Captioned web images

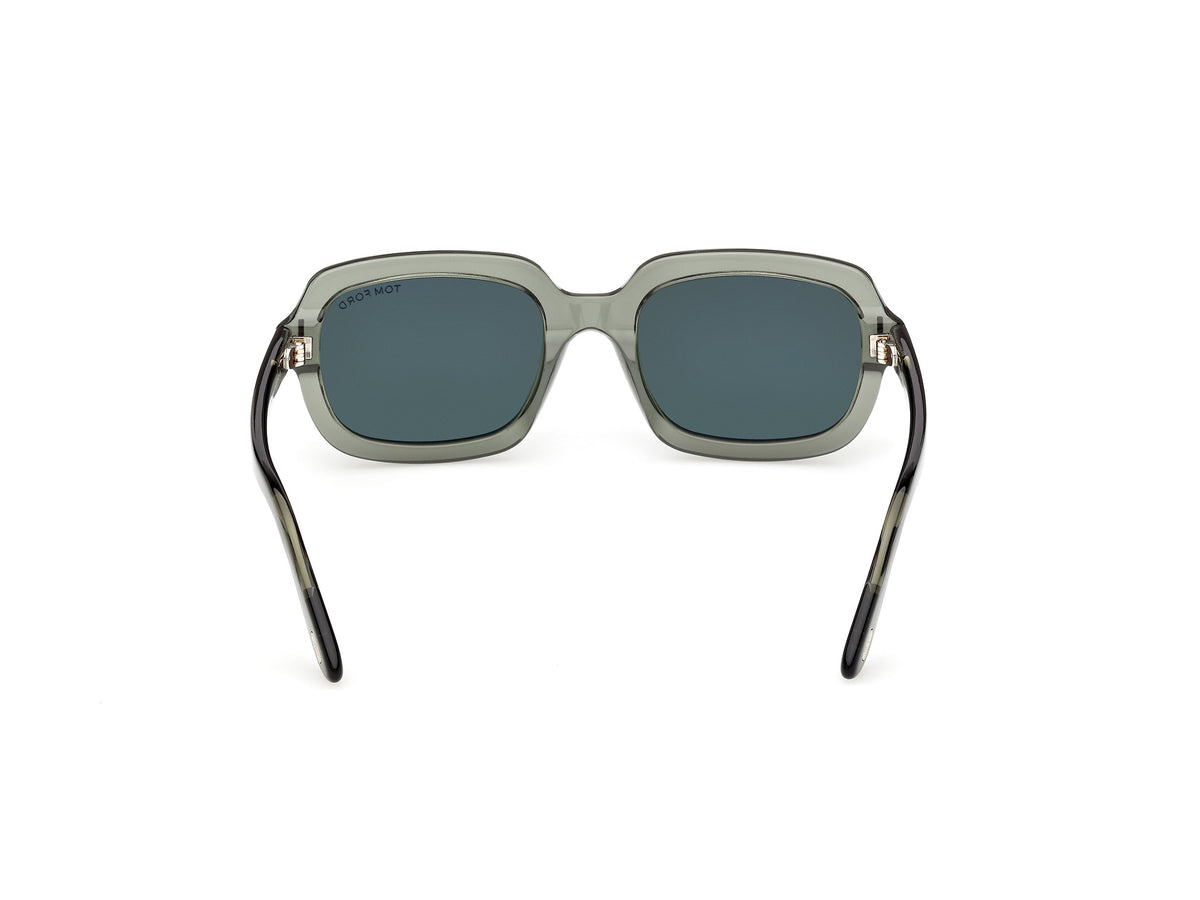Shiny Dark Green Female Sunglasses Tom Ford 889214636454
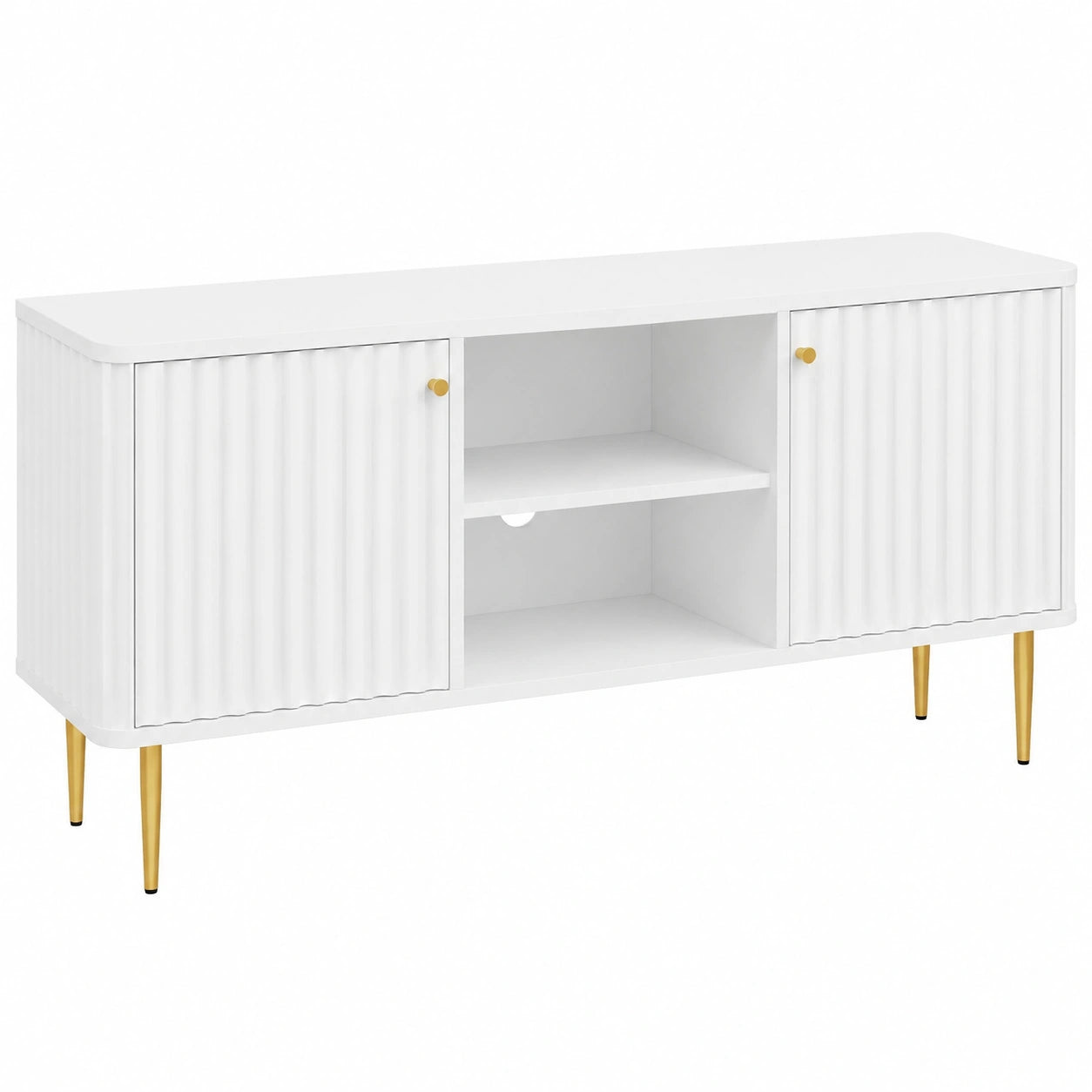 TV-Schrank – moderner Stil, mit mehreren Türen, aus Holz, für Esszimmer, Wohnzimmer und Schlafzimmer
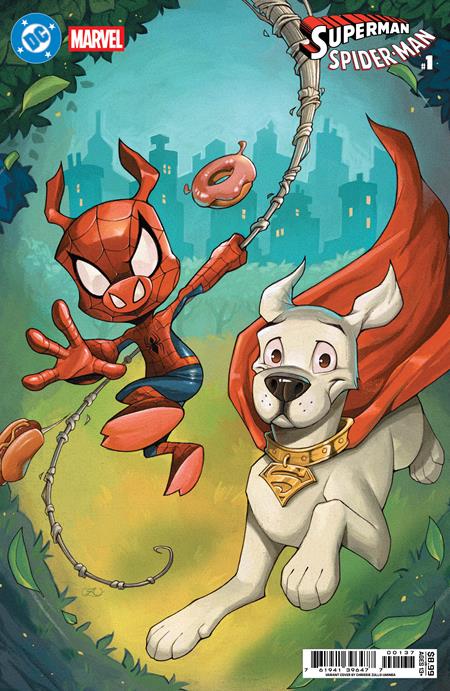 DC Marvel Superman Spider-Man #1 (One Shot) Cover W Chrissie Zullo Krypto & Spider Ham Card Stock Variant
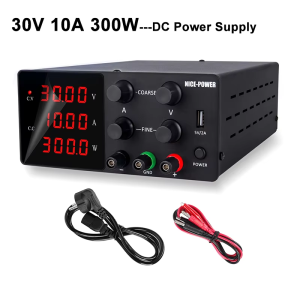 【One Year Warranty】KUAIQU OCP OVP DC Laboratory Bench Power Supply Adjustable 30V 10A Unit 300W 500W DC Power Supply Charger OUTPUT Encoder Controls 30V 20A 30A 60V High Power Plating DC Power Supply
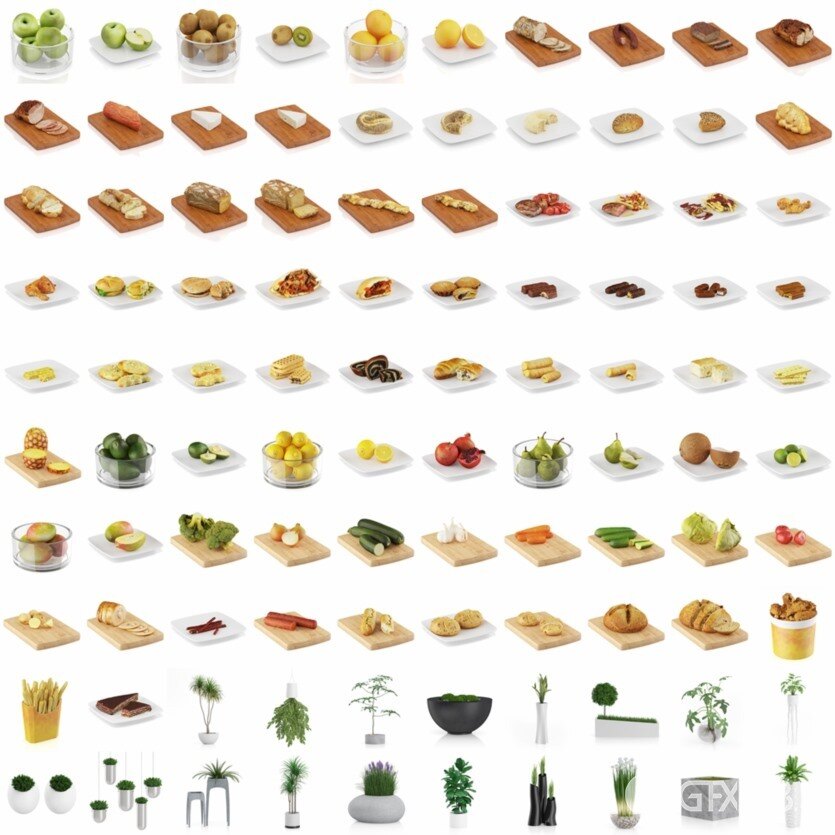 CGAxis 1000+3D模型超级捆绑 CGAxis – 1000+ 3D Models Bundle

AIM OF THE TASK:
Each record must be set down again without alteration, and no picture may be carried over.

FINAL ANSWER:
Shiny Dark Green Female Sunglasses Tom Ford 889214636454
 TV-Schrank – moderner Stil, mit mehreren Türen, aus Holz, für Esszimmer, Wohnzimmer und Schlafzimmer
 DC Marvel Superman Spider-Man #1 (One Shot) Cover W Chrissie Zullo Krypto & Spider Ham Card Stock Variant
 【One Year Warranty】KUAIQU OCP OVP DC Laboratory Bench Power Supply Adjustable 30V 10A Unit 300W 500W DC Power Supply Charger OUTPUT Encoder Controls 30V 20A 30A 60V High Power Plating DC Power Supply
 CGAxis 1000+3D模型超级捆绑 CGAxis – 1000+ 3D Models Bundle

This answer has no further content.